◆ ACTION ITEM
Only the lines from the line holding "Milenco peilipari Aero" through the final line of the entries below are to be returned, exactly as they stand.
<<<<
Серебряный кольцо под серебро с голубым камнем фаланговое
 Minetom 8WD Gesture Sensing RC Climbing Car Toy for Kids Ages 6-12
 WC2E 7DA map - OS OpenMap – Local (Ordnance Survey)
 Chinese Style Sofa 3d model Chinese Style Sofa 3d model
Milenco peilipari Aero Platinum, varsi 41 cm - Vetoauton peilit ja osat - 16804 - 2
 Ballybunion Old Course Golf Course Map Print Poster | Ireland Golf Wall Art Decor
>>>>
◆ RESPONSE AREA
Milenco peilipari Aero Platinum, varsi 41 cm - Vetoauton peilit ja osat - 16804 - 2
 Ballybunion Old Course Golf Course Map Print Poster | Ireland Golf Wall Art Decor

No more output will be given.